Task objective: Every line from the one containing "Control arm suspension, L" to the end of the listing below should be transcribed exactly, and no line outside that span should appear.
————————
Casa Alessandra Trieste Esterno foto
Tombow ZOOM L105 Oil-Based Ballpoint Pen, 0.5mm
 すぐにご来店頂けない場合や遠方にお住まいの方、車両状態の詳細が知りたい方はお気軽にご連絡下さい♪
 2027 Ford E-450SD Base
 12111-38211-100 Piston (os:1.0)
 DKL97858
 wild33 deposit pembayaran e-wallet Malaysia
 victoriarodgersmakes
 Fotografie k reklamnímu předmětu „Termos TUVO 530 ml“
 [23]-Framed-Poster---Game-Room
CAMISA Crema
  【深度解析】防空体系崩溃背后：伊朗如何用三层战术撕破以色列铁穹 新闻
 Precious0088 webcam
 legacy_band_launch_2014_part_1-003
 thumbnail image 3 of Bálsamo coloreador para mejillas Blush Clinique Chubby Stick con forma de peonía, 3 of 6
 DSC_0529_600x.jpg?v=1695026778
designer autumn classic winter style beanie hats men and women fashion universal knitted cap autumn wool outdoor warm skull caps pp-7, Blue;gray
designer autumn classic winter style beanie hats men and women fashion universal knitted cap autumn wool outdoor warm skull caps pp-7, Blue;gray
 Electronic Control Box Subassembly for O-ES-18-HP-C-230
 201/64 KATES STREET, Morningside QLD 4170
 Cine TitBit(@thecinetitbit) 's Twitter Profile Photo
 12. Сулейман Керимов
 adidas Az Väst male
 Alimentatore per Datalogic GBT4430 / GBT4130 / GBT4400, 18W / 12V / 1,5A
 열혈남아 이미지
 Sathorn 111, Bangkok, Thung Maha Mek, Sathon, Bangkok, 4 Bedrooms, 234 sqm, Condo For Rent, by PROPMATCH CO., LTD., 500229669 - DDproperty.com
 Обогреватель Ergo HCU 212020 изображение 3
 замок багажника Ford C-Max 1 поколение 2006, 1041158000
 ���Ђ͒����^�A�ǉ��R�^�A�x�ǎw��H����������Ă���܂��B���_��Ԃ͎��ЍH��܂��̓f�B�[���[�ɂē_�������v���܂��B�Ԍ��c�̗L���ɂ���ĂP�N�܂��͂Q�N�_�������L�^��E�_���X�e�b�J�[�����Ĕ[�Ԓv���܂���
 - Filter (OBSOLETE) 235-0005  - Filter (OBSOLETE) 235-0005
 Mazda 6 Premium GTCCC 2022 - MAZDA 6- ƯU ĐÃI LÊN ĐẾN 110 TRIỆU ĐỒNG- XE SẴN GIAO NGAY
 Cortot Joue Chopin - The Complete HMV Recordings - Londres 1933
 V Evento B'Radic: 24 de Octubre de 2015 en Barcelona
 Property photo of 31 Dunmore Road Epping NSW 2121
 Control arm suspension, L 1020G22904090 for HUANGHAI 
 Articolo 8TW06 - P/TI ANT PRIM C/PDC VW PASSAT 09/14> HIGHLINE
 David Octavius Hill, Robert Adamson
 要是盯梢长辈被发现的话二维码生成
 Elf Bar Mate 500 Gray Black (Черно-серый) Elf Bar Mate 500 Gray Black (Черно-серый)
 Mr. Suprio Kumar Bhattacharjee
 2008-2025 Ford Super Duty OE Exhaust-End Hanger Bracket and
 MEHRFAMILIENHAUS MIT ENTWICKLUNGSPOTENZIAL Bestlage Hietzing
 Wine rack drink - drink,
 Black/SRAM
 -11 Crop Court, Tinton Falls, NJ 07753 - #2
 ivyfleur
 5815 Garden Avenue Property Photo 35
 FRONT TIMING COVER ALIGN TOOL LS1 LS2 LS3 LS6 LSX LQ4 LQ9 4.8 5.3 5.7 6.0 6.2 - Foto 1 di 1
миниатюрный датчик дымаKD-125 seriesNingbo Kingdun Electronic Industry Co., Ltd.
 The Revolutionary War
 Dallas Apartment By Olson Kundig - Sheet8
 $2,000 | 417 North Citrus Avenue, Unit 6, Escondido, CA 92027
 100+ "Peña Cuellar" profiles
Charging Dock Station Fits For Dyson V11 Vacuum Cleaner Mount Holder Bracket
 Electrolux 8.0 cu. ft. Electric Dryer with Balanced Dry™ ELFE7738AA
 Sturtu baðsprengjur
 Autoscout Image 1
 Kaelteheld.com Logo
————————
Final answer:
 Control arm suspension, L 1020G22904090 for HUANGHAI 
 Articolo 8TW06 - P/TI ANT PRIM C/PDC VW PASSAT 09/14> HIGHLINE
 David Octavius Hill, Robert Adamson
 要是盯梢长辈被发现的话二维码生成
 Elf Bar Mate 500 Gray Black (Черно-серый) Elf Bar Mate 500 Gray Black (Черно-серый)
 Mr. Suprio Kumar Bhattacharjee
 2008-2025 Ford Super Duty OE Exhaust-End Hanger Bracket and
 MEHRFAMILIENHAUS MIT ENTWICKLUNGSPOTENZIAL Bestlage Hietzing
 Wine rack drink - drink,
 Black/SRAM
 -11 Crop Court, Tinton Falls, NJ 07753 - #2
 ivyfleur
 5815 Garden Avenue Property Photo 35
 FRONT TIMING COVER ALIGN TOOL LS1 LS2 LS3 LS6 LSX LQ4 LQ9 4.8 5.3 5.7 6.0 6.2 - Foto 1 di 1
миниатюрный датчик дымаKD-125 seriesNingbo Kingdun Electronic Industry Co., Ltd.
 The Revolutionary War
 Dallas Apartment By Olson Kundig - Sheet8
 $2,000 | 417 North Citrus Avenue, Unit 6, Escondido, CA 92027
 100+ "Peña Cuellar" profiles
Charging Dock Station Fits For Dyson V11 Vacuum Cleaner Mount Holder Bracket
 Electrolux 8.0 cu. ft. Electric Dryer with Balanced Dry™ ELFE7738AA
 Sturtu baðsprengjur
 Autoscout Image 1
 Kaelteheld.com Logo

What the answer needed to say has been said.